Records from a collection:
_ _ _ _

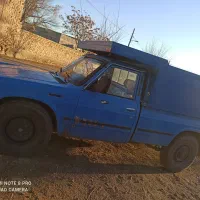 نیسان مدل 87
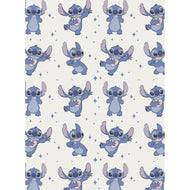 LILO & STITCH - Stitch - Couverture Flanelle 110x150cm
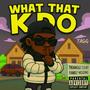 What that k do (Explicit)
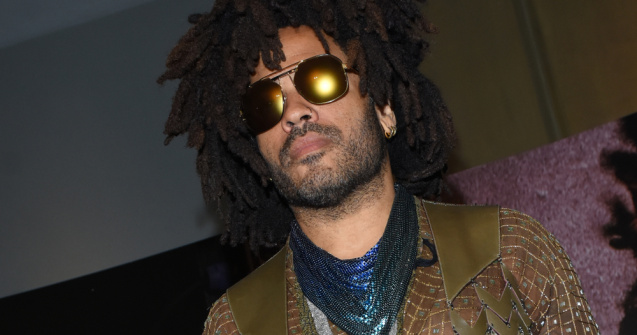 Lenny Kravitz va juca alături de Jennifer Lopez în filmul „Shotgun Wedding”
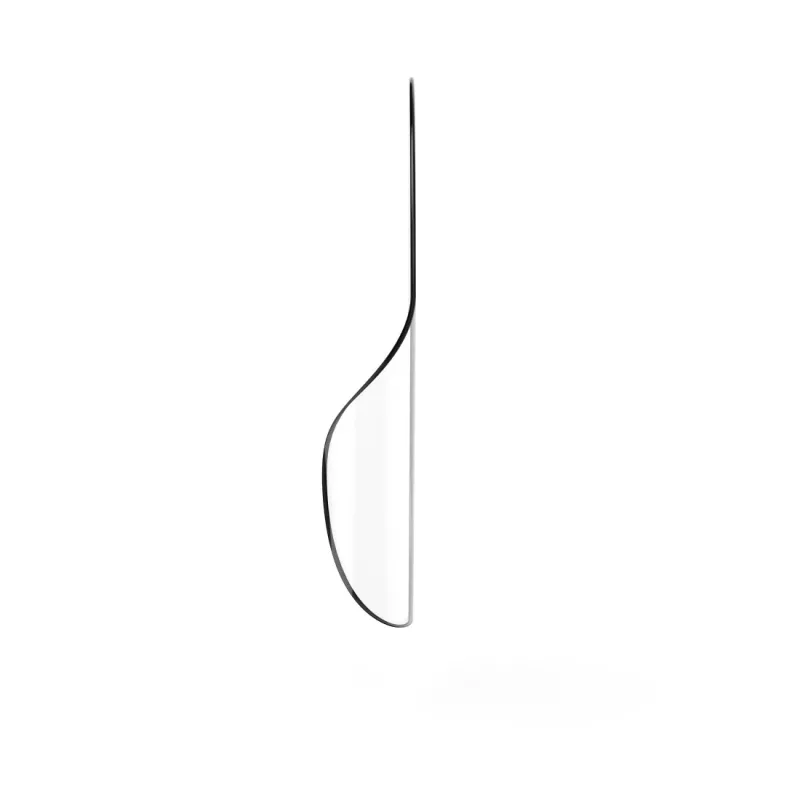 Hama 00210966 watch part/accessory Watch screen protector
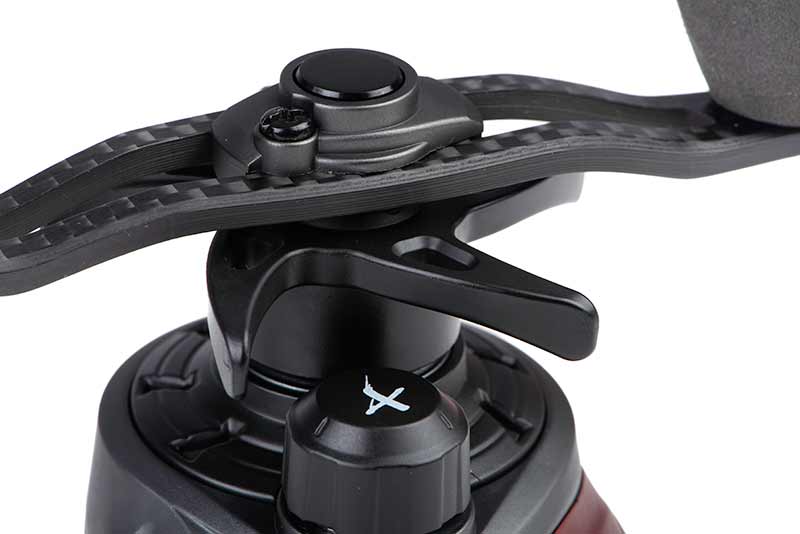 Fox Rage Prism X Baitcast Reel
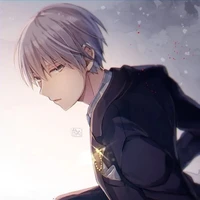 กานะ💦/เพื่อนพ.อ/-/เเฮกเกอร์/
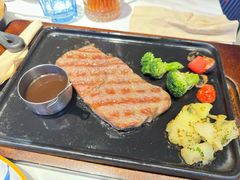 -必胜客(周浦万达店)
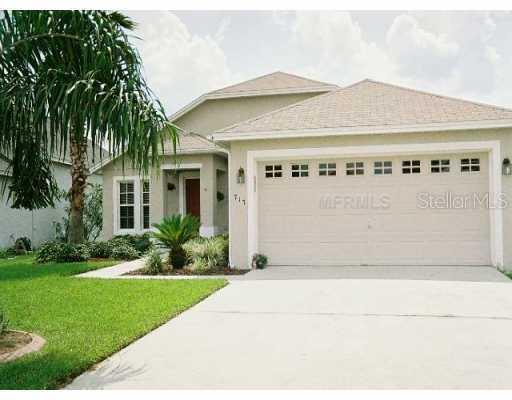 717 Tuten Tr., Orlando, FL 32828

_ _ _ _

*What you have to do*: Your task is to set down the records shown above exactly, minus any pictures.

*Expected answer*:
 نیسان مدل 87
 LILO & STITCH - Stitch - Couverture Flanelle 110x150cm
 What that k do (Explicit)
 Lenny Kravitz va juca alături de Jennifer Lopez în filmul „Shotgun Wedding”
 Hama 00210966 watch part/accessory Watch screen protector
 Fox Rage Prism X Baitcast Reel
 กานะ💦/เพื่อนพ.อ/-/เเฮกเกอร์/
 -必胜客(周浦万达店)
 717 Tuten Tr., Orlando, FL 32828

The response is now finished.